Information shown:
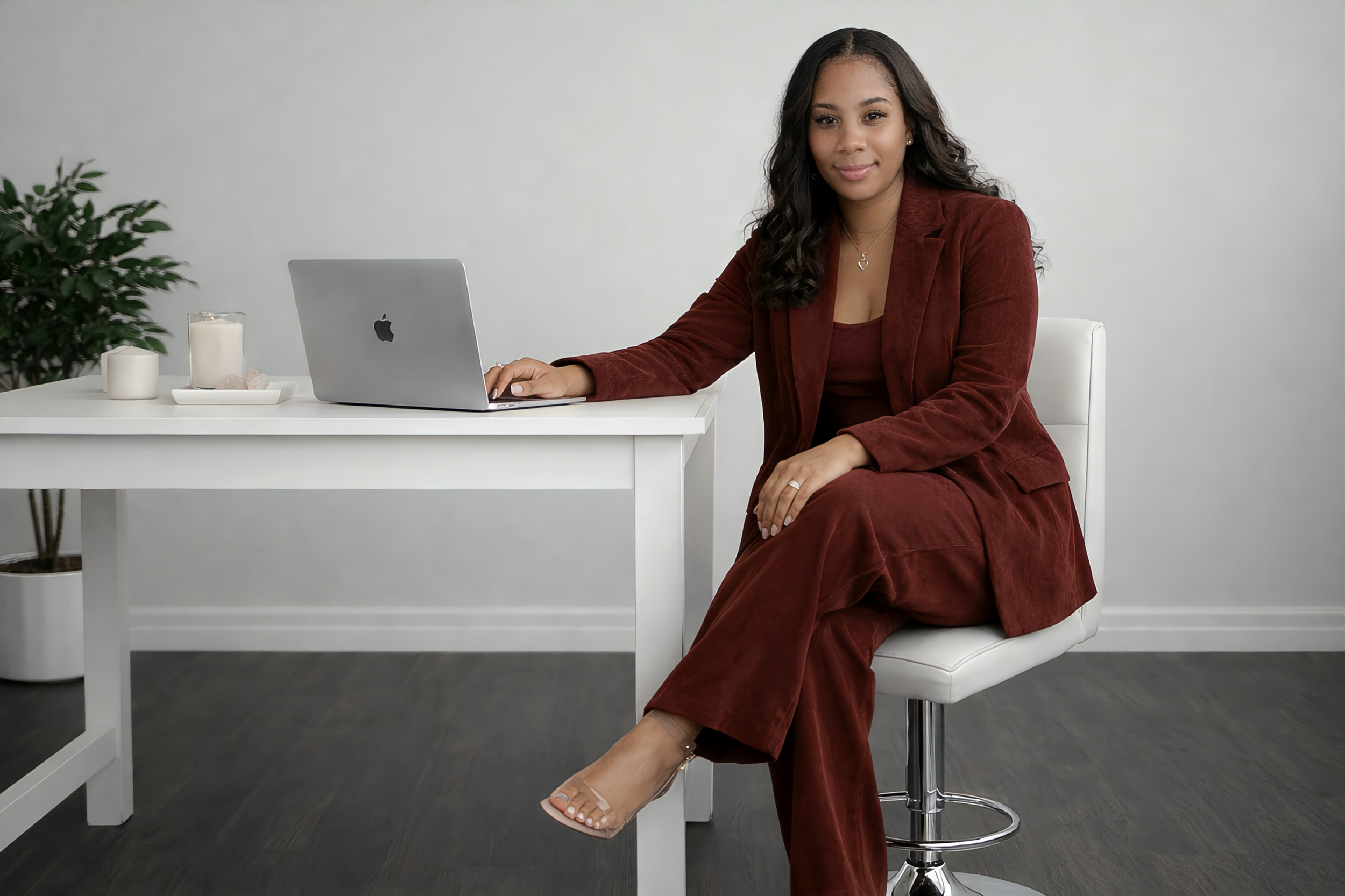 Anissia in a maroon suit seated at a modern desk, representing empowerment, confidence, and aligned leadership in transformational coaching.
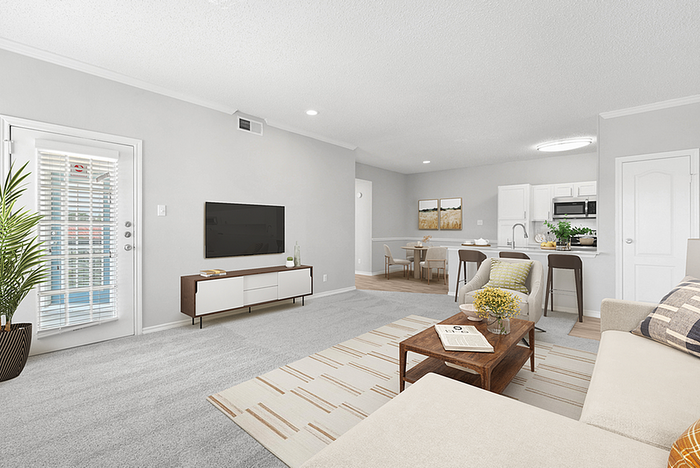 Bright and modern living area featuring an open floor plan, sleek kitchen with bar seating, and cozy sitting space with large windows.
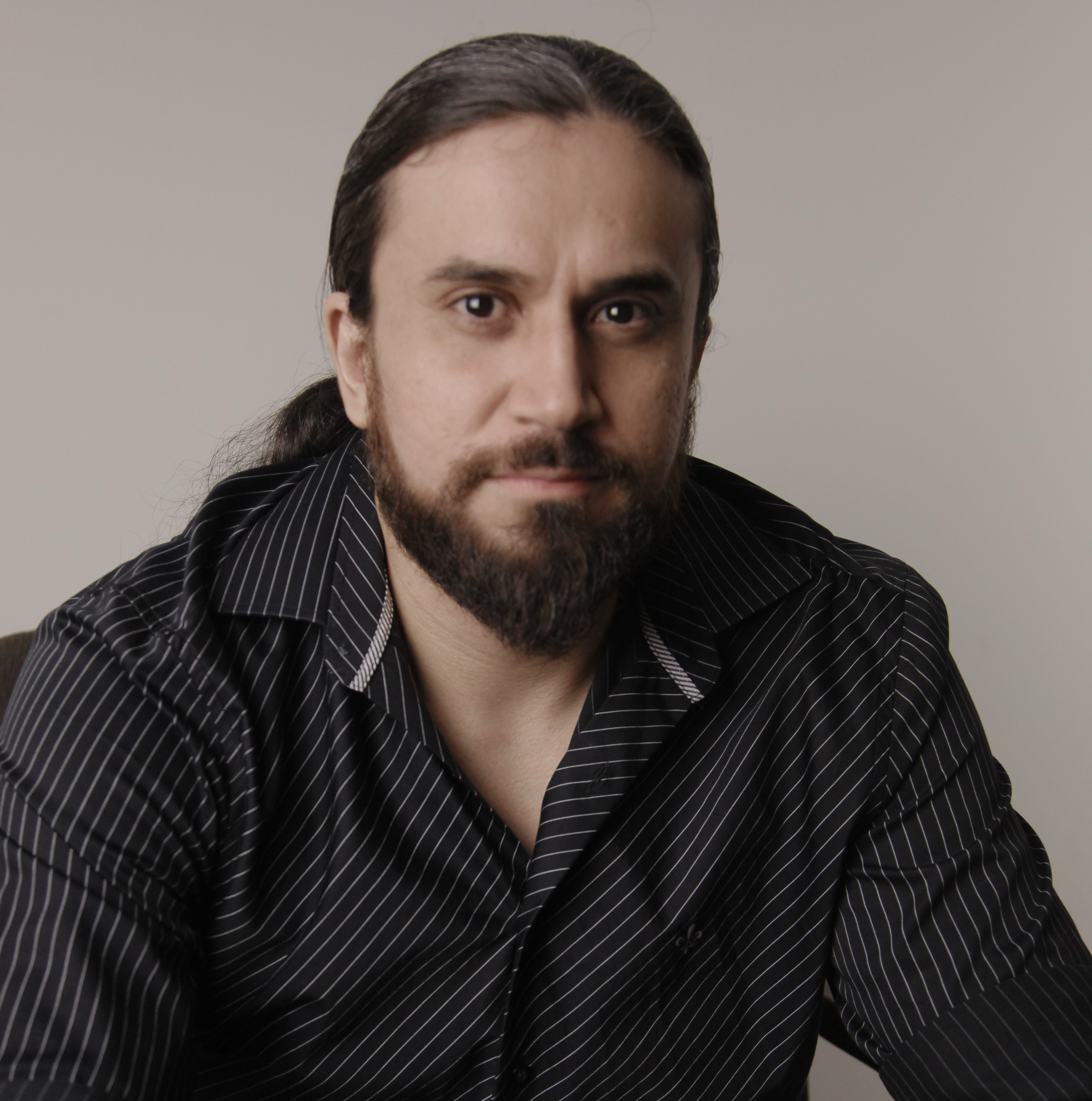 Retrato do Dr. Bruno Marinho de Sousa, psicólogo com doutorado em Psicobiologia, com camisa preta listrada e expressão neutra.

Aim of the task: With the pictures removed, copy the data above word for word.

Completed exercise:
 Anissia in a maroon suit seated at a modern desk, representing empowerment, confidence, and aligned leadership in transformational coaching.
 Bright and modern living area featuring an open floor plan, sleek kitchen with bar seating, and cozy sitting space with large windows.
 Retrato do Dr. Bruno Marinho de Sousa, psicólogo com doutorado em Psicobiologia, com camisa preta listrada e expressão neutra.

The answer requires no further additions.